Santa Fe brokerage and real estate firm Luna Capital has released a report analyzing a shift in New Mexico’s craft brewing scene that it says indicates "moderate growth" and maturation.

"Within New Mexico, top brands that are well established are seeing growth of 15 percent to 40 percent, and should continue due to local support, regional growth, customer loyalty and quality craft beer," the report states.

Recently, craft brewers have become a bright spot for the industry.

Nationally, craft breweries saw an overall increase in beer production of 5 percent, despite the fact that total beer sales were down 1 percent in 2017, according to the Brewers Association.

Overall, craft beer growth accounted for $26 billion in the industry and saw a total beer market share of 12.7 percent.

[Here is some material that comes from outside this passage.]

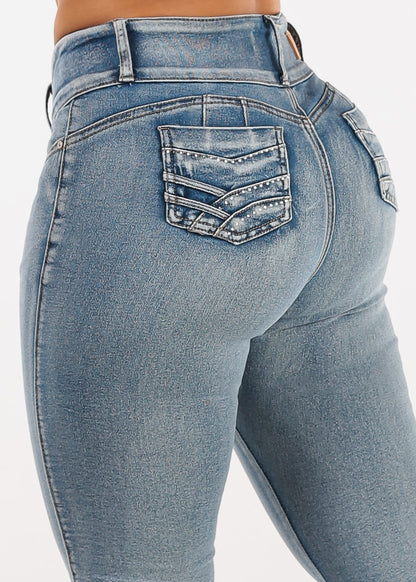 Butt Lift Mid Rise Stretch Bootcut Jeans Acid Wash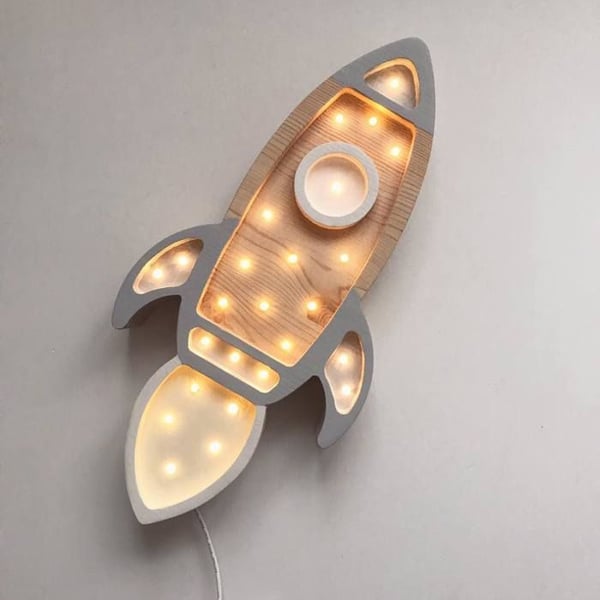 Little Lights - Ljusgrå Rocket Night Light Lamp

The Luna Capital report emphasizes that as the industry continues to mature, the amount of competition increases as the amount of consumers typically stagnates. This is due to the fact that the amount of beer drinkers is not growing as fast as the amount of breweries entering the market.

"As new breweries come online, per brewery-growth has slowed significantly in the last few years, leaving many microbreweries well below their projected growth numbers," the report states.

It also detailed production and consumption trends.

According to the report, beers with lower bitterness levels are seeing a renaissance both in the realm of lagers and pilsners as well as IPAs. On-premise consumption is also becoming more popular and is one of the reasons for craft beer’s growth, according to New Mexico Brewers Guild Executive Director John Gozigian.

"Those big guys, they can’t have taprooms and breweries in all these different states,” he said in an April interview. “People like to be able to walk down the street to their local brewery.”

This trend seems to have caught the attention of large companies.

Over the last several years, St. Louis beer giant Anheuser Busch-InBev, the world’s largest producer, has purchased several craft breweries. Its most recent acquisition was the North Carolina-based Wicked Weed brand. Since 2011, Anheuser Busch-InBev has bought 10 similar companies.

In 2017, New Mexico had 67 craft breweries that were responsible for producing 116,023 barrels of beer and a $333 million economic impact, according to the Brewers Association.